The Janssen Pharmaceutical Companies of Johnson & Johnson has received breakthrough therapy designation (BTD) from the US Food and Drug Administration (FDA) for talquetamab to treat relapsed or refractory multiple myeloma in adult patients.
An investigational T-cell redirecting bispecific antibody, Talquetamab targets GPRC5D, a new multiple myeloma cells target, and CD3, a component of the T-cell receptor.
The bispecific antibody is indicated for the treatment of relapsed or refractory multiple myeloma in adult patients who have received at least four prior lines of therapy, including a proteasome inhibitor (PI), and an anti-CD38 antibody.
The designation is supported by findings obtained from the dose-escalation, first-in-human Phase I/II MonumenTAL-1 trial, which is conducted to treat relapsed or refractory multiple myeloma in heavily pre-treated patients.
Janssen Research & Development Clinical Research and Development vice-president Sen Zhuang said: “This Breakthrough Therapy Designation marks an important step in the continued development of talquetamab, a first-in-class bispecific antibody T-cell engager using GPRC5D, a novel target for the treatment of patients with relapsed or refractory multiple myeloma.
“Despite the therapies available for patients with relapsed or refractory multiple myeloma, new targets and treatments are needed because of the heterogeneity of the disease, which can impact a patient’s response to treatment.

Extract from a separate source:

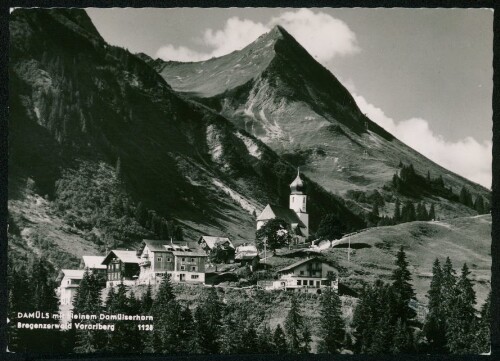 Damüls mit kleinem Damülserhorn Bregenzerwald Vorarlberg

“We are resolute in our commitment to advance science and develop new therapies and regimens for patients with the goal of delivering the best possible outcomes while driving toward cures.”
In May last year, talquetamab received an Orphan Drug Designation (ODD) from the FDA, and a PRIME (PRIority MEdicines) designation from the European Medicines Agency (EMA) on 29 January same year.